漕ぎ出せ!

パートナーとの新しい生活が始まった。

彼女との付き合いは長いけど、大学生の4年間、卒業してからの約2年は遠距離恋愛だった。

そんな彼女と満を持して一緒に暮らすことになった。結婚したのはちょうど一年前、彼女の地方配属が決まった時だ。「女性を大事にしている会社だから、結婚してたらワンチャンすぐ戻れる」という彼女の提案に「じゃケッコンすっか!」と答えた。

こんなに悟空のプロポーズがぴったりな状況あるんだなと思った。(ケッコンすっか!はまだしも"じゃあ"の部分が結構邪魔をしてくる)

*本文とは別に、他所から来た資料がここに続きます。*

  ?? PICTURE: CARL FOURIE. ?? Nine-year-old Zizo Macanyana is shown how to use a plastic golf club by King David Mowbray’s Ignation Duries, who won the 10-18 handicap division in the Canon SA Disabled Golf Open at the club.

とはいえ、2、3年はかかるだろうなと思っていたけど、まじでチャンスを掴んで1年と半年くらいで戻ってきたので、女性を大事にしている会社なんだと思う。

異動が決まってから時間がない中での部屋探し・引越し作業は死ぬほど大変だった。

事故物件のお札の数くらい手すりがついているバリアフリー化された部屋とか、法律の目を掻い潜ろうと怪しいことをする片棒を担がされそうになる部屋などに当たってしまい部屋探しは難航したがなんとか素敵な拠点を見つけることができたと思う。

問題ばかりの部屋探しだったけど、彼女とは揉めることもなくて、「おい、あの手すりだらけの部屋ダサすぎんだろ」「それ、舐めんな」などとふざけ合い、逆に結束したりした。

引越し作業もまた大変。彼女は仮の住まい(のつもり)だったので荷物が少なかったんだけど、学生時代から住む僕の下宿には埃と思い出とガラクタが詰まっておりこちらも難航した。

正月休みを全て返上して荷造りしたり、粗大ごみや廃品回収を手配したり、先の予定を決めることや事務的な手続きのことを考えると涙が出てしまう体質な僕は彼女に励まされながらなんとかあの家を離れることができた。

あまりの埃とゴミの多さに、彼女は僕と付き合ってから初めてのドン引きをした。否、ゴン引きをしていた。(東京五輪のスケボーの時のゴン攻め未だに面白いのに誰も覚えていないのはなんで?)

1階だからゴキブリは出まくるし、ゴキブリの子を殺してもらうために召喚した小さな蜘蛛たちの巣だらけで、僕のムダ毛も散乱していて、ほんとに心から埃まみれだったけど大好きな部屋だった。

新しい家は、とにかく日当たりが良くて内見に訪れた時から昼寝がしたくてたまらない部屋だった。

家具や家電を揃えてどんどん住み良くなっていく。今日は彼女がたまたま見つけた丸い藻にぶっ刺さったボケという木の苗木を家に迎え入れた。セット売りされていた可愛らしい器を僕が落として割ってしまったけど、彼女はしょうがないよ!と笑う。

変わりにイケアの小さいお茶碗を献上したら、サイズがビッタビタで喜んでくれていた。(東京五輪のスケボーの時のビッタビタまだ面白いのに〜略)

寒いし苦しい世の中だけど、今僕は強く漕ぎ出そうとしている。

今年は横断の年になる。外国の詩人のポエムが書いてあるおみくじにもあった通り、僕はもっと幅広くなっていく。新しく美しい拠点を維持しながら社会を渡り歩けるような大人になるべくまた変わっていく。

でも、今となりでギリギリ歯ぎしりしている彼女の1番の味方でいることだけは、ずっと変わらないと思った。